Gametime has raised $93.8M in total across 6 funding rounds.
Gametime is a San Francisco-based technology company operating a mobile ticket marketplace app that specializes in last-minute ticket sales for live events, including sports, concerts, music, theater, and entertainment across over 60 cities in the U.S. and Canada.[1][2][8] The app aggregates unsold tickets from suppliers, offers dynamic pricing that drops closer to event time, panoramic seat views, interactive venue maps, and a two-tap purchase process with instant digital delivery, solving the problem of high prices and inconvenience for spontaneous buyers seeking stress-free access to live experiences.[1][2] With $500 million in revenue, 200+ employees, and $71.5 million raised in funding, Gametime demonstrates strong growth momentum as one of the fastest-growing ticketing companies, hitting $50 million in gross sales by 2016.[1][2][5]
Gametime was founded in late 2012 by Brad Griffith, a former senior financial analyst at Google, after he missed the first inning of a 2012 National League Championship Series game between the San Francisco Giants and St.
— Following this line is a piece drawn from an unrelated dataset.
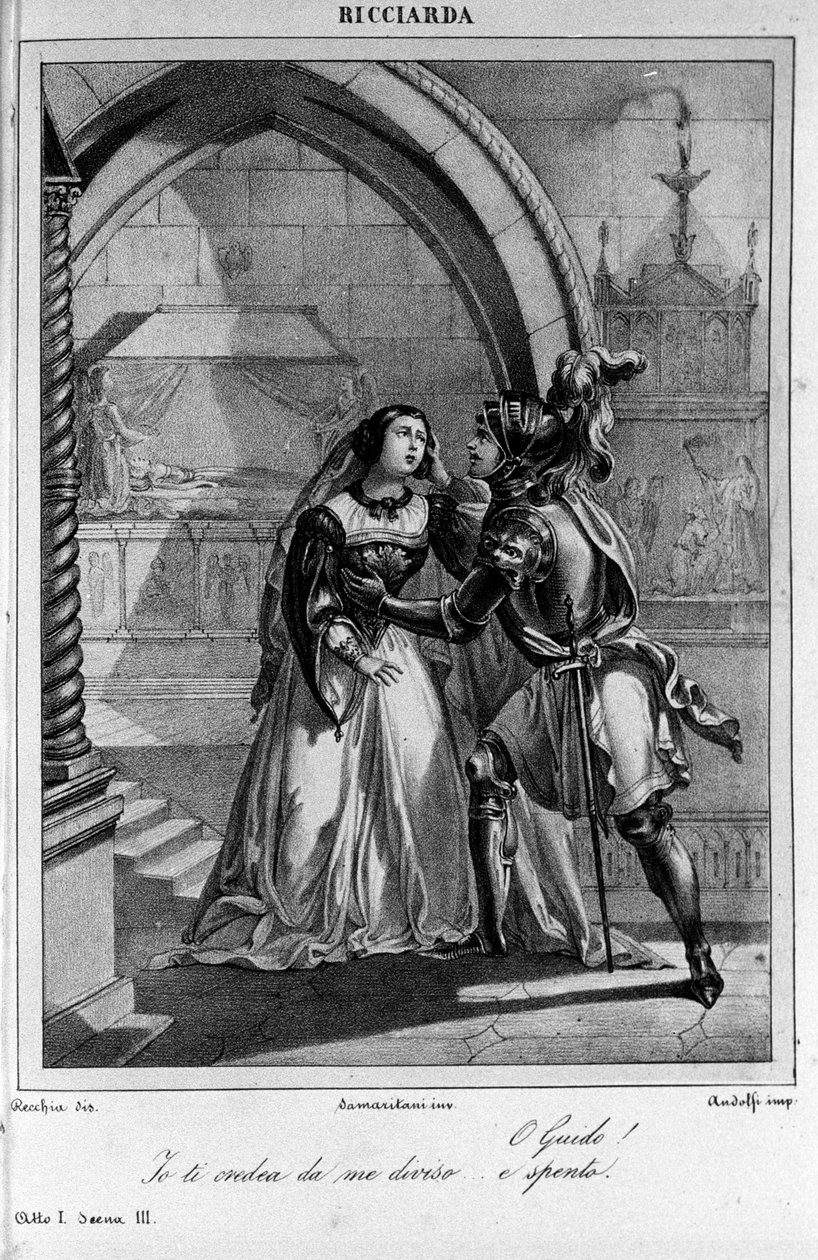 Illustration pour la scène 3 de l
Louis Cardinals due to printed ticket validation hassles, inspiring a mobile-first instant-ticketing solution.[2] The iOS app launched in May 2013, followed by Android in March 2014, with headquarters initially at 799 Market Street and later 220 Montgomery Street in San Francisco.[1][2][5] Early traction came from proprietary algorithms curating the best unsold tickets by price and location, leading to rapid expansion, multiple funding rounds totaling $71.5 million, and accolades like "Best in Mobile Fan Experience" in 2017 and Inc.'s fastest-growing consumer products company recognition.[2]
(Note: Search results distinguish this Gametime from unrelated Gametime Technologies Inc., a smaller Canadian firm founded in 2016 making portable app-controlled scoreboards.[3][4][6][7])
Gametime rides the wave of mobile commerce and live events resurgence, capitalizing on post-pandemic demand for spontaneous entertainment amid hybrid digital-physical experiences, where consumers prioritize convenience over planning ahead.[1][2][5] Timing aligns with smartphone ubiquity, e-commerce growth in tickets (projected multi-billion market), and machine learning for personalized pricing/seat selection, countering legacy ticketers' rigidity.[1][2] It influences the ecosystem by democratizing access—lowering barriers via deals and tech—boosting attendance for sports/music venues, while competing in consumer internet and entertainment tech against giants like Ticketmaster.[1][2]
Gametime's trajectory points to expanded international reach beyond North America, deeper AI integration for predictive pricing and VR previews, and potential partnerships with leagues for exclusive last-minute inventory, fueled by its $500M revenue base and proven scalability.[1][2][5] Trends like Web3 ticketing (NFTs for resale) and metaverse events could reshape its model, amplifying influence as the go-to for impulse live experiences in a fragmented market. As the mobile ticket innovator born from a missed inning, Gametime continues transforming "too late" into prime time.[2]
Gametime has raised $93.8M in total across 6 funding rounds.
Gametime's investors include John Burbank, Jeff Mallett, Accel, Alumni Ventures, Blitzscaling Ventures, David Blitzer, Google Ventures, Maven Ventures, Next Play Capital, Palapa Ventures, Tenere Capital, University Growth Fund.
Gametime has raised $93.8M across 6 funding rounds. Most recently, it raised $30.0M Other Equity in May 2022.